Always have cranberry sauce with your turkey.
- Cranberry sauce is a culinary condiment or sauce used to flavour other food dishes.
- ‘Cranberry sauce’ is also known as ‘cranberry jelly’, and it is bought in cans or jars from supermarkets, or made at home.
- The primary ingredients of cranberry sauce are sugar, cranberries and water, and sometimes other ingredients and flavourings are added.
- Cranberry sauce is typically made by mixing together and boiling the ingredients, as in jam making, causing the elements to combine and thicken and the cranberries to burst.

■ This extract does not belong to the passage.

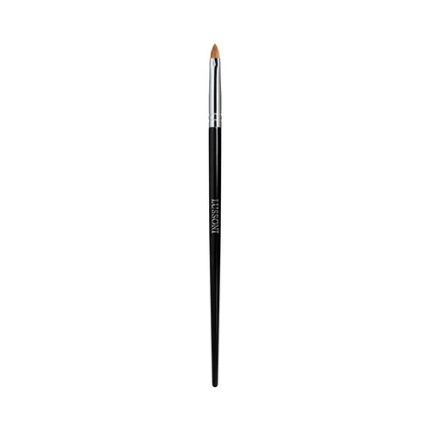 Image for product with EAN 5903018913865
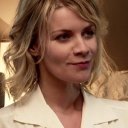 Valérie Maës oyuncusunun filmleri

- Cranberry sauce can be a semi-liquid or a jelly-solid, and it is usually served scooped out of a jar with a spoon, or sliced.
- Cranberry sauce is traditionally eaten on either Thanksgiving or Christmas, often accompanying a turkey dish, and it is also sometimes served with other meats.
- The general taste of cranberry sauce varies from country to country; American versions are generally sweet, while European versions tend to be a bit sour.
- The earliest known recorded mention of cranberry sauce was in 1663, in a cookbook; more than 40 years after the first Thanksgiving dinner in the United States.
- Commercialised cranberry sauce became available in cans in 1912 and were popularised in the 1930s with the introduction of Ocean Spray’s version.
- Cranberry sauce is high in vitamin E, fibre and manganese, and it also contains significant quantities of sugar.